We’re all human, and humans make mistakes. But what happens when your boss makes a mistake? What do you do? Telling your boss he or she is wrong can be risky and nerve-racking, but if you do it gracefully, you can take the heat off a potentially bad situation.
Speak Up or Quiet Down?
First thing first, you need to determine whether or not identifying an error would be beneficial. Will it solve the problem, or is it too late? The old adage still holds true; pick your battles to win the war. If no solution comes from letting your boss know he/she made a mistake, then it’s best to let it lie. If you don’t, you risk giving your boss the impression you’re disruptive and not a team player.
If you believe bringing an issue to your boss’s attention will produce a better outcome, then you need to do it. If you let it go and your boss catches it him/herself, your boss will find you unreliable.
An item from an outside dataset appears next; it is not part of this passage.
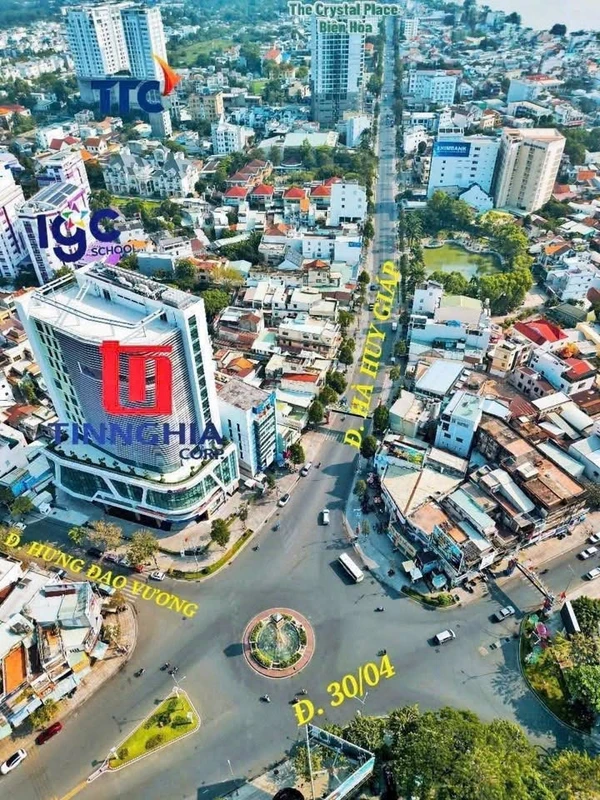 Bán nhà lầu 2 phòng ngủ 80m² Quyết Thắng, Biên Hoà 1,99 tỷ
Nobody likes to be called out if they make a mistake, especially in front of others. So if you expect your boss to talk to you privately when you make a mistake, give him/her the same courtesy. Talking privately reduces embarrassment and defensiveness. However, when you do pull your boss aside, do not walk into the discussion angry and say, “You’re wrong.” Instead, give yourself time to calm down and follow these steps:
- Ease the tension: Let your boss know you respect his/her viewpoint. Then clearly state the intent of the conversation. This helps your boss know you have a different opinion, but you are working toward the same goal.
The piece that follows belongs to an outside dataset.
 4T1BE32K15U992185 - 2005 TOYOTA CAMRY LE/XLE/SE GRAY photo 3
- Stick with the facts: Keep your emotions out of the discussion. The more objective you keep the conversation, the better.
- Agree where you can: If there’s a part of your boss’s original idea you like, make it known so your boss realizes you’re trying to work with him/her, not against.
- Invite dialogue: Talking out an issue is one of the best things you and your boss can do. Encourage your boss to share his/her perspective in order to have an open and honest discussion.
Afterwards, it’s best not to dwell on your boss’s mistake, because even if you’re 100 percent sure you’re right, there is always that slight chance things may not be as they seem. Specifically, your boss may be more in tune with the company’s values and policies, and your idea might not line up. Your boss also might have more insight than you think on the issue, as he/she probably has more direct contact with top decision makers. Keep that in mind, so you don’t make a poor judgment call.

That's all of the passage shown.